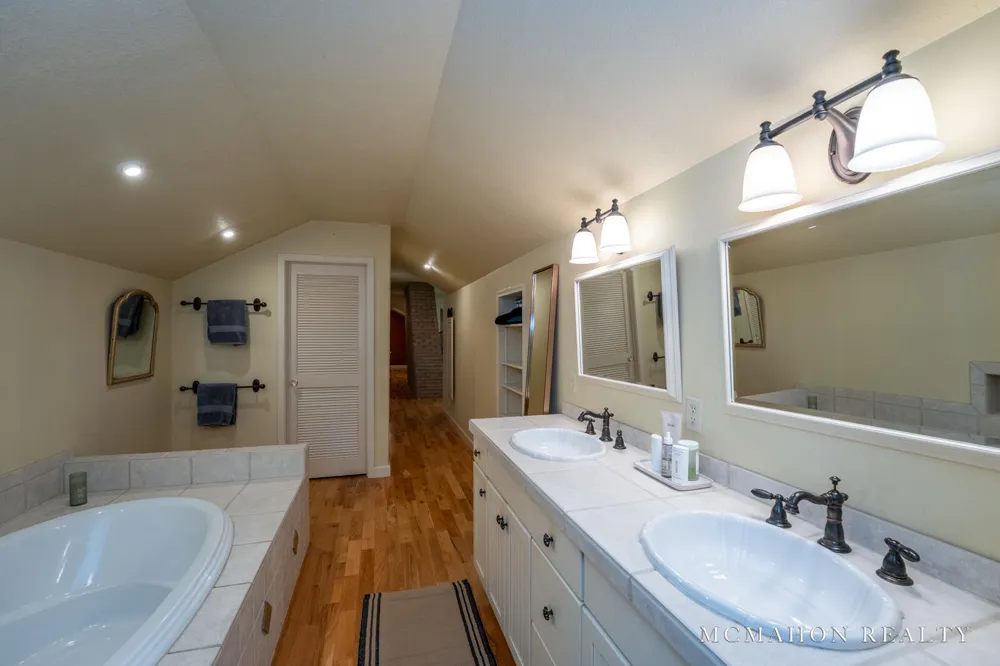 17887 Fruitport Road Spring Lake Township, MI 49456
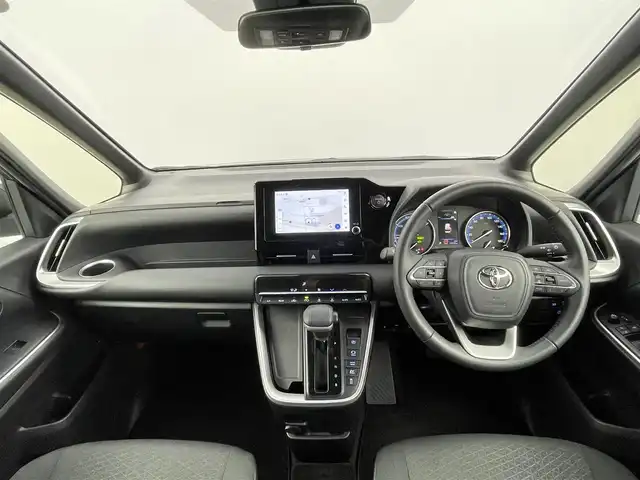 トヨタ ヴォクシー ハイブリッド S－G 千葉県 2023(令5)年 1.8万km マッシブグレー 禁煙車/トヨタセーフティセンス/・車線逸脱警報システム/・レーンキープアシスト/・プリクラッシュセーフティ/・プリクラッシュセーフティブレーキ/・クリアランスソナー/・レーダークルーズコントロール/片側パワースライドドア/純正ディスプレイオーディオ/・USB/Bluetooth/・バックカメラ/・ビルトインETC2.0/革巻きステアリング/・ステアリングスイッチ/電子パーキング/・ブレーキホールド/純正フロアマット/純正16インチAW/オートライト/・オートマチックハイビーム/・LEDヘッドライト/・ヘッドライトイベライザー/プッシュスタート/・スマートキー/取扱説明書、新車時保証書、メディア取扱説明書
--
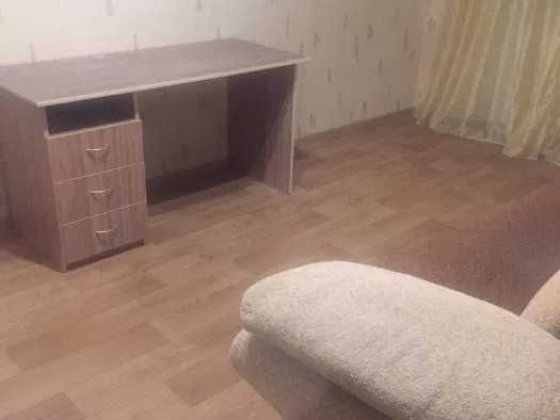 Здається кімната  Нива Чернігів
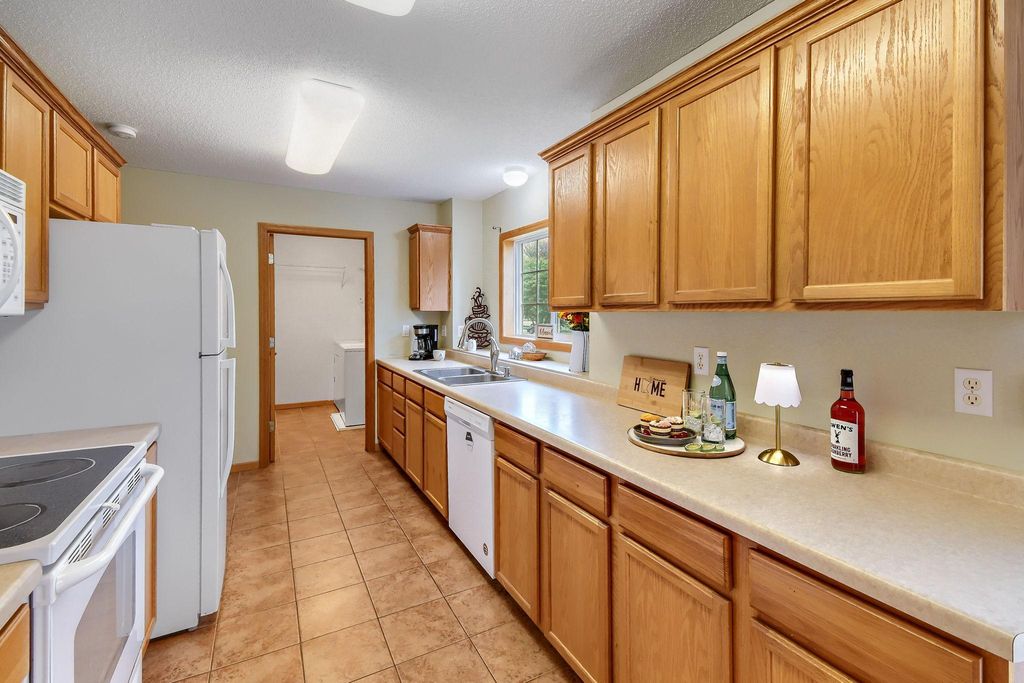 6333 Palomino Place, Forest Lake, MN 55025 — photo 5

## Task:
In the entries above, find the line with "17887 Fruitport Road" and the line with "トヨタ ヴォクシー ハイブリッド". Return exactly those lines and all the ones between them, pictures excluded.

## Response:
 17887 Fruitport Road Spring Lake Township, MI 49456
 トヨタ ヴォクシー ハイブリッド S－G 千葉県 2023(令5)年 1.8万km マッシブグレー 禁煙車/トヨタセーフティセンス/・車線逸脱警報システム/・レーンキープアシスト/・プリクラッシュセーフティ/・プリクラッシュセーフティブレーキ/・クリアランスソナー/・レーダークルーズコントロール/片側パワースライドドア/純正ディスプレイオーディオ/・USB/Bluetooth/・バックカメラ/・ビルトインETC2.0/革巻きステアリング/・ステアリングスイッチ/電子パーキング/・ブレーキホールド/純正フロアマット/純正16インチAW/オートライト/・オートマチックハイビーム/・LEDヘッドライト/・ヘッドライトイベライザー/プッシュスタート/・スマートキー/取扱説明書、新車時保証書、メディア取扱説明書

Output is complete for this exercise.